## [Assigned task]
For this task, output every entry below exactly and omit the pictures.

## [Exercise input]

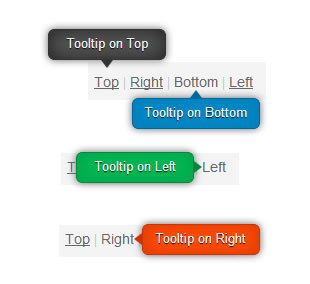 Selenium Tooltip Mouseover Example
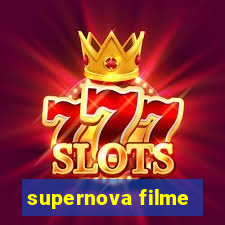 supernova filme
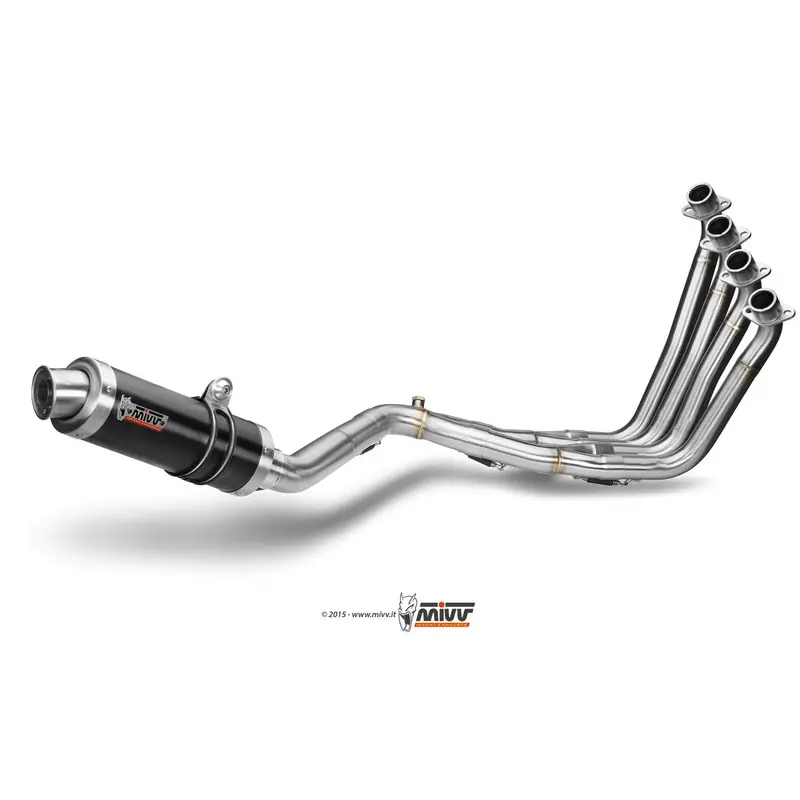 Offre Exclusive Ligne complète MIVV GP – Honda CB 650F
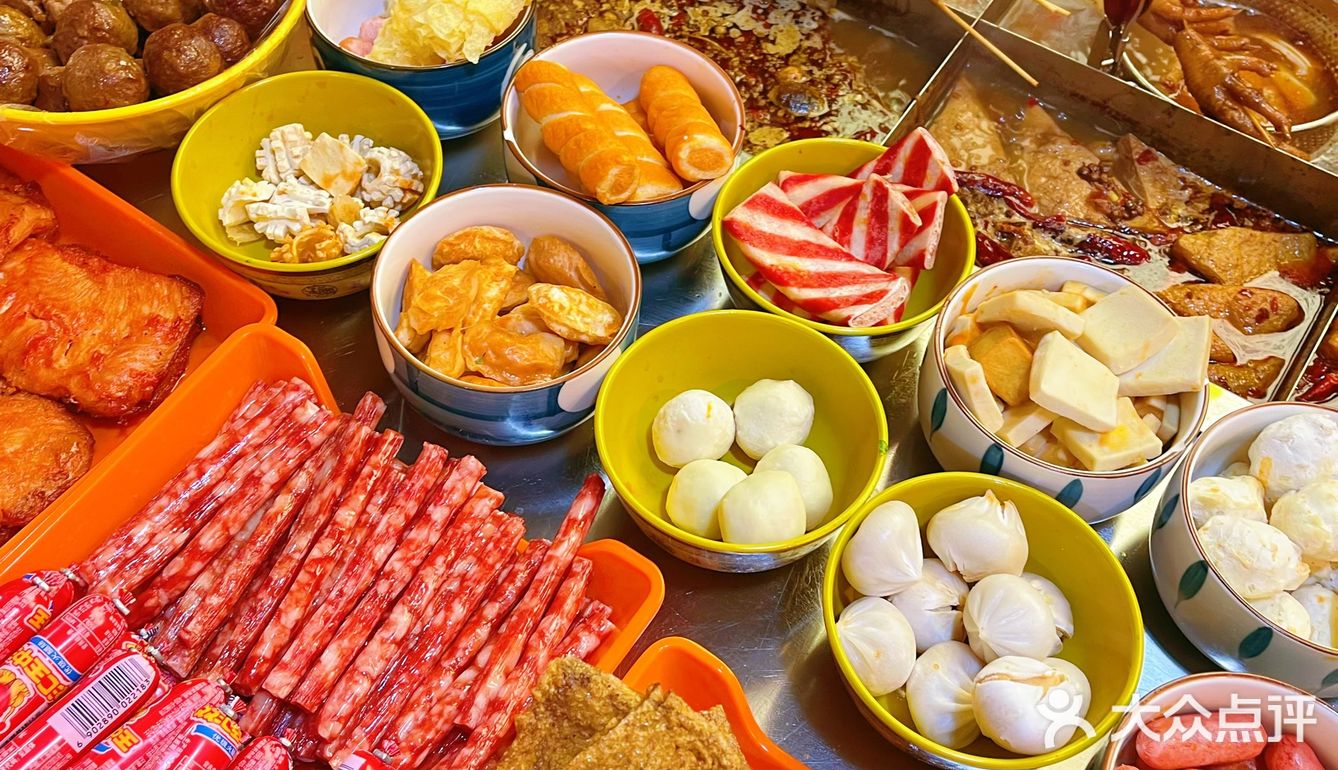 99太好吃了吧|思思油炸·水煮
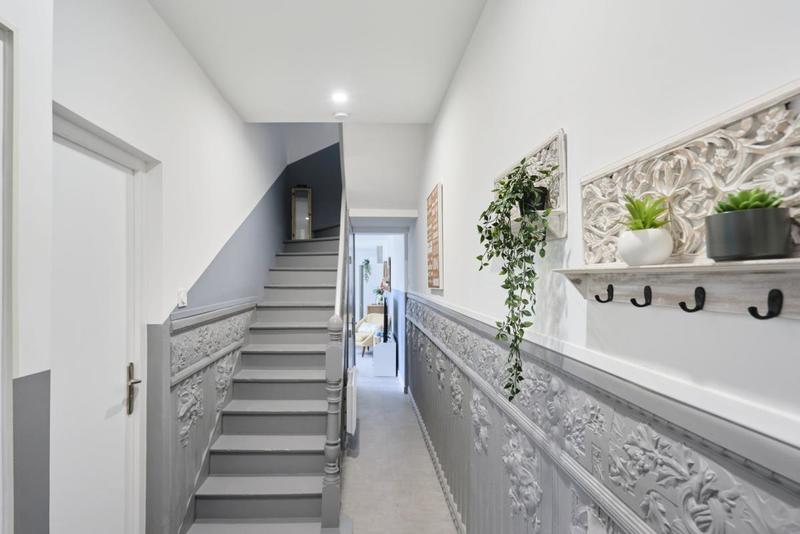 Maison - 130 m² - 8 pièces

## [Problem solution]
 Selenium Tooltip Mouseover Example
 supernova filme
 Offre Exclusive Ligne complète MIVV GP – Honda CB 650F
 99太好吃了吧|思思油炸·水煮
 Maison - 130 m² - 8 pièces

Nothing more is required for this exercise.